Творчество по Тютчеву возможно исключительно по вдохновению, наитию, участию сил не только поэта, но и других высших сил. Точно так же и понимание стихов (особенно стихов живых еще поэтов) дается по милости этих сил.
Нам не дано предугадать,

Как слово наше отзовется, —

И нам сочувствие дается,

Как нам дается благодать…




II

Однако в жизни поэт не казался глубокомысленным и погруженным в мрачные раздумья. Напротив, Тютчев был легким, светским, остроумным.

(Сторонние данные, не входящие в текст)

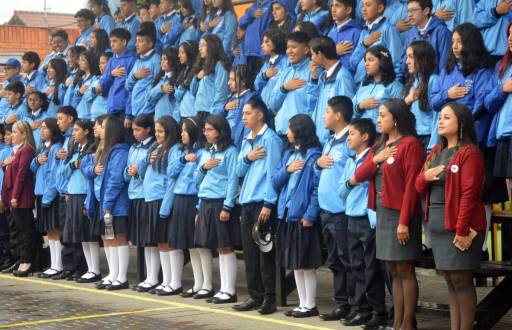 Cuenca,Ecuador 2 de septiembre de 2024.La mañana de hoy con una ligera llovisna estudiantes de la Unidad Educativa Otto Arosemena Gomez, inauguracion del Año Lectivo, regimen Sierra y Amazonía, 2024-2025. foto Boris Romoleroux/API.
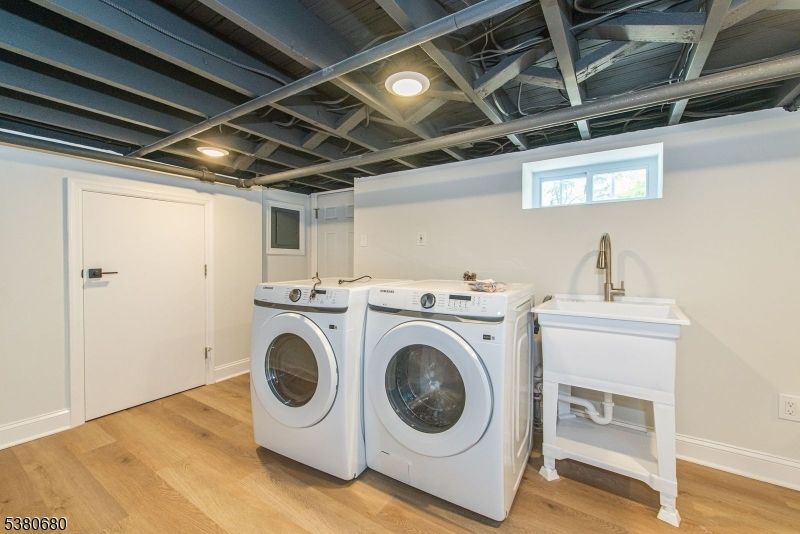 Interior, Recessed Lighting, Washer, Wood Texture Flooring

Родился Федор Иванович Тютчев 5 декабря (23 ноября) 1803 года в селе Овстуг Брянского уезда Орловской губернии в родовитой дворянской семье. Зимы Тютчевы проводили в Москве, а лето — в своем орловском имении или в «подмосковной», селе Троицком в Теплых Станах. Жили они широко и весело. «С самых первых лет, — пишет первый биограф поэта И. С. Аксаков, — Тютчев оказался в семье каким-то особняком, с признаком высших дарований, а потому тотчас же сделался любимцем и баловнем всех окружающих. Это баловство, без сомнения, отразилось впоследствии на образовании его характера; еще с детства стал он врагом всякого принуждения, всякого напряжения воли и тяжелой работы. К счастью, ребенок был чрезвычайно добросердечен, кроткого, ласкового нрава, чужд всяких грубых наклонностей; все свойства и проявления его детской природы были скрашены какой-то особенно тонкой, изящной духовностью».

Дома говорили, в основном, на французском языке, иногда на немецком, хотя при этом соблюдали все обычаи православной старины. Будущий поэт возрастал в чуждых языковых стихиях, но русский остался для него языком души. Когда Федору исполнилось десять лет, в доме появился учитель — молодой и восторженный литератор Семен Раич, уже приобретший некоторую известность своими переводами римских и греческих поэтов. Правда, известность эта была отчасти комического свойства, ибо переложения Раича порой поражали нелепостью. Так, стих из поэмы «Освобожденный Иерусалим» Торквато Тассо о Готфриде Бульонском он перевел следующим образом: «Вскипел Бульон, течет во храм…» Но все искупалось его любовью к литературе, которую он и привил способному ученику.

Во времена отрочества Тютчева русская литература находилась еще в младенческом возрасте и могла похвалиться всего лишь двумя великими поэтами — Ломоносовым и Державиным. Торжественность и величавость русской поэтики по наследству передалась и Тютчеву. Но юноша рано узнал и немецкую литературу, полюбил Гете и Шиллера — он читал их в подлиннике, и они вдохновляли его.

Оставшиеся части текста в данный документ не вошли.